Quando a saudade é um corpo. Por Flávio Chaves
Por Flávio Chaves – Jornalista, poeta, escritor e membro da Academia Pernambucana de Letras. Foi Delegado Federal/Minc – Ninguém soube ao certo quando ele começou a desaparecer, se foi numa terça de silêncios ou numa madrugada em que o espelho recusou o reflexo, mas desde então, caminharam suas mãos com a delicadeza de quem segura um relicário feito de cinzas. O nome dela, não o nome propriamente dito, mas aquilo que pulsava por detrás das sílabas, ainda era uma brasa acesa sob as camadas frias do tempo, ardendo em segredo como as cartas jamais enviadas ou as juras murmuradas aos móveis, quando a casa toda já dormia.
Ele andava por entre os objetos com a reverência de quem pisa no chão de um templo antigo, e cada coisa, a xícara, o lenço, a sombra projetada da cadeira vazia, lhe devolvia fragmentos de um passado que não se deixava enterrar. Era como viver num país estrangeiro onde todas as placas apontavam para dentro dele mesmo, e nenhuma saída era segura. A solidão tinha corpo, perfume, idade. Tinha voz. Às vezes, sussurrava em francês. Às vezes, apenas tossia no fundo do peito, como uma ausência asmática.
Os vizinhos, discretos na sua compaixão inconsciente, diziam que ele falava sozinho. Mas o que não sabiam é que as palavras tinham destino, mesmo quando ninguém as ouvia. Cada frase que ele deixava escapar era uma oferenda ao vazio, uma forma de não ser completamente esquecido por quem o esquecera. A memória, para ele, era uma casa em ruínas que ainda tinha cheiro de pão quente e som de passos descalços. Ele não queria reconstruí-la, apenas habitar seus escombros com dignidade.
A cidade continuava, indiferente, como continuam os rios mesmo quando a ponte desaba. O relógio da praça seguia marcando horas que já não pertenciam a ninguém. E ele, com a alma costurada por dentro, descia as ruas como quem procura algo que não pode ser nomeado, apenas sentido como se sente a febre antes do delírio ou a vertigem antes do abismo.

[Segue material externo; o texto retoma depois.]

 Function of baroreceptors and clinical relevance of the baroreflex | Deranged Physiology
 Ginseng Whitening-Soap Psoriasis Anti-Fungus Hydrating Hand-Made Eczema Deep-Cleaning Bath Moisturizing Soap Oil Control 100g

Não havia fotografia dela nas paredes. Apenas um lenço azul esquecido sobre o espaldar de uma cadeira, e naquele tecido dormiam todos os domingos que jamais voltariam. Ele não chorava. Seus olhos haviam se tornado desertos onde as lágrimas evaporavam antes de cair. Mas havia noites em que a lua, ao bater nas janelas, parecia reconhecer nele uma dor gêmea.
Amava com a intensidade de um exilado que sonha com a terra natal sem nunca mais pisá-la. E esse amor, que não gritava, que não pedia, que não suplicava, era o que o mantinha de pé. Porque há dores que sustentam mais do que alegrias, e há presenças tão ausentes que se tornam eternas.

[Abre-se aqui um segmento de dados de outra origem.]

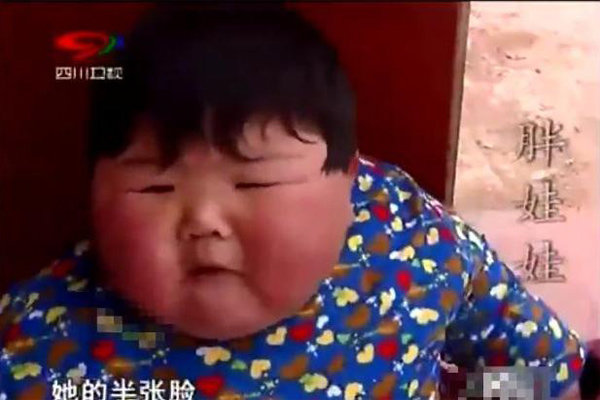 Mẹ chiều chuộng cho ăn uống thoải mái, bé 2 tuổi có cân nặng amp;#34;khủngamp;#34; gần 40kg, chân biến dạng - 4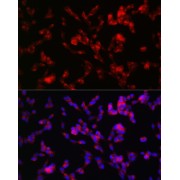Immunofluorescence analysis of SH-SY5Y cells using ADAMTS4 Antibody (1/100 dilution, 40x lens). Blue: DAPI for nuclear staining.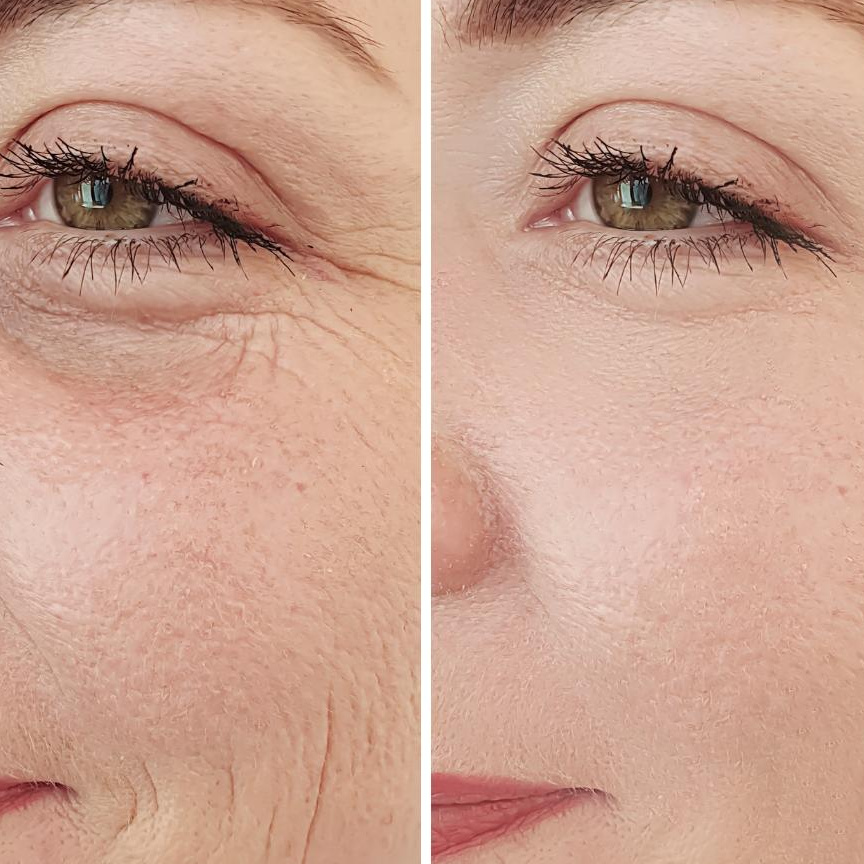 PRX-T33 Regenerative Peel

Naquela casa onde a chuva não cessava, mesmo quando o céu era límpido, ele seguia existindo como um verso maldito de um poeta esquecido. E quem por ali passasse, se tivesse coração antigo e ouvidos de silêncio, talvez ouvisse, entre uma goteira e outra, o som inconfundível de um homem que ainda ama o que já partiu.